LAS VEGAS -- It's been a long time coming, but N.E.T. is finally shipping its ATM switch, the Promina 4000, and is showing it off this week at NetWorld+Interop 99.
The modular switch, which was announced two years ago and was supposed to be available last spring, got bogged down because the N.E.T. didn't throw enough people into development, the company says.
But with all the extra time it took to develop, the company says the shipping product is thoroughly tested. It has announced one beta tester, the University of Alabama, and says it will announce another customer soon.
The 19-slot chassis has a maximum switching capacity of 10G bit/sec. The switching fabric is distributed among hardware cards that each provide 622M bit/sec of switching capacity, so customers can fit the switching capacity to their needs without paying for more than they need, the company says.
The switch boasts a feature N.E.T. calls contentionless switching, which is intended to reduce cell loss and maintain quality of service (QoS) during periods when traffic peaks. Incoming ATM cells share the switch fabric and traffic is buffered at outgoing ports. Buffered cells leave the switch in accordance with priority rules governed by a feature called swift cell traffic management.

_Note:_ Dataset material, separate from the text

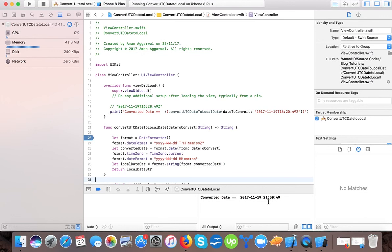So here in this video you learned how to convert a UTC date to a local timezone date in Swift 4. If you really liked this short video then please do subscribe to our channel. Thanks for watching. Bye bye.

That scheme prioritizes traffic in accordance with QoS requests on the fly to reduce cell loss and maintain service levels. The switch is in compliance with Cisco's IP QoS schemes and will evolve with Cisco gear to remain compliant, N.E.T. says.
Promina 4000 is available now and costs $58,000 for a base model that includes a chassis, power supply, one switching card and four, single-port OC-3 cards. T-3 cards are also available.